By Edward J. MarkeyJim McGovern and Ayanna Pressley
Mr. Markey is the junior U.S. senator from Massachusetts. Mr. McGovern is the representative for Massachusetts’ Second Congressional District. Ms. Pressley is the representative for Massachusetts’ Seventh Congressional District.
A young woman walked casually down a public street only to find herself suddenly surrounded by masked law enforcement officers in plain clothes. Without explanation — and in the absence of criminal charges and any due process — she was forced into a waiting vehicle and vanished into the labyrinth of the state security system.
Sound familiar? You’d be forgiven for thinking we’re recounting what happened to the Tufts University graduate student Rumeysa Ozturk in Somerville, Mass., last month. But no: That was the September 2020 abduction of the political activist Maria Kolesnikova in the capital of Belarus, the former Soviet republic that is home to one of the most repressive governments in the world.

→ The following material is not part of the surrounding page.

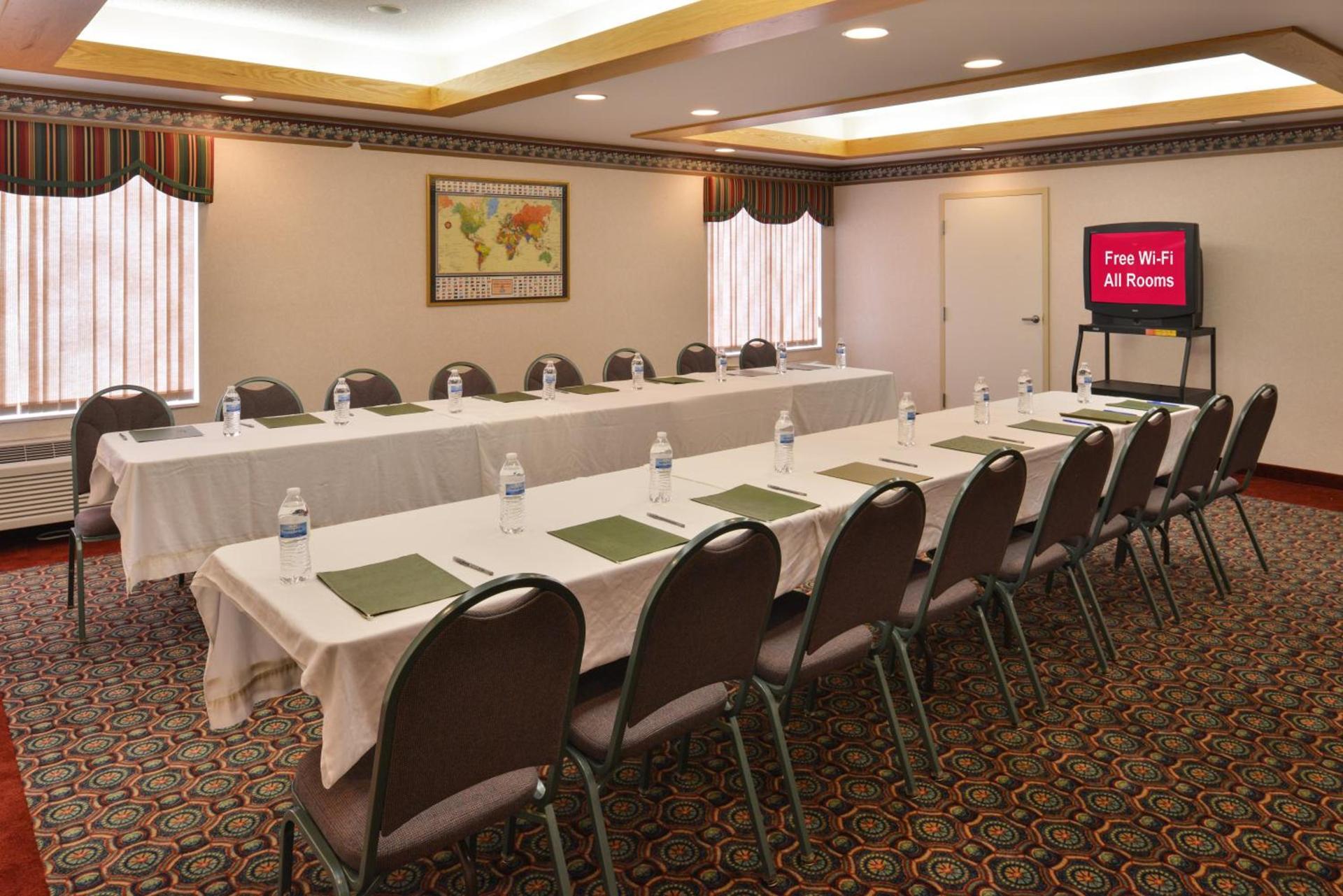 Red Roof Inn Clyde photo 16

Disappearances like Ms. Kolesnikova’s are disturbingly common under authoritarian regimes where dissent is quashed and the rule of law is more fiction than fact. That a similar scene would unfold in Somerville in March 2025 as part of the Trump administration’s revived immigration crackdown should send a chill down the spine of every American.

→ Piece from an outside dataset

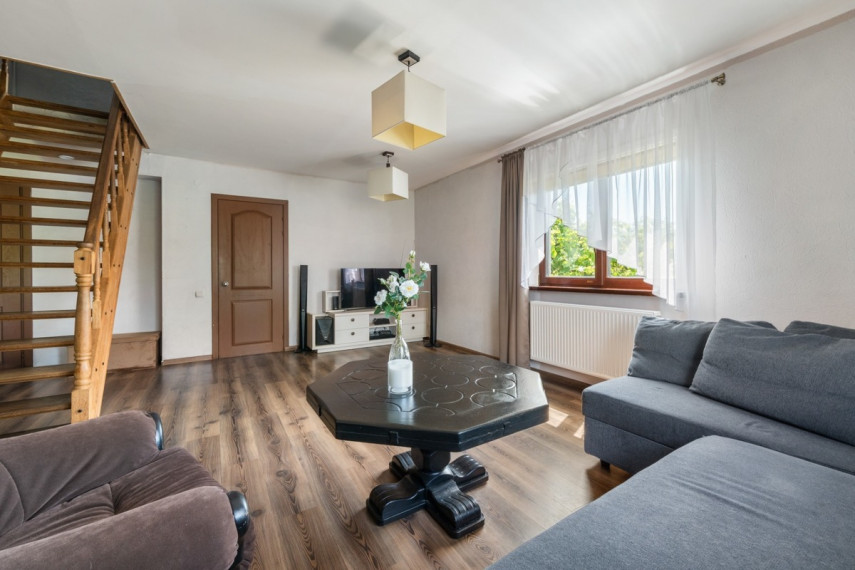 Parduodamas namas Kelmijos Sodų 66-oji g., Vilniaus m., Vilniaus m. sav., 202.74 m2 ploto, 2 aukštai 4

We visited Ms. Ozturk earlier this week at an Immigration and Customs Enforcement detention center in Basile, La., operated by the for-profit company Geo Secure Services, contracted by the federal government. It’s part of the network of ICE facilities in Louisiana that the American Civil Liberties Union has described as a “black hole” — hard to reach and isolated, making visits from lawyers and family members prohibitively difficult and expensive.

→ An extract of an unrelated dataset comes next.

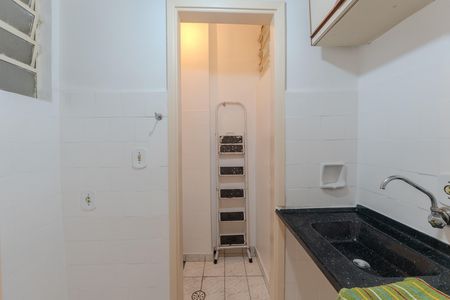 Studio à venda com 33m², 1 quarto e sem vaga Studio à venda com 33m², 1 quarto e sem vagaCozinha e Área de Serviço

What we found was not just a young woman locked up without charge but also a democracy being put to the test. Ms. Ozturk is a graduate student, a writer and a community member who is in the United States legally on a student visa, which was revoked without apparent cause. She was walking to an Iftar dinner when federal agents, some of them masked, surrounded her, detained her, refused to explain why and then forcibly removed her to an undisclosed location; it took her family roughly 24 hours to even find out where she was being held.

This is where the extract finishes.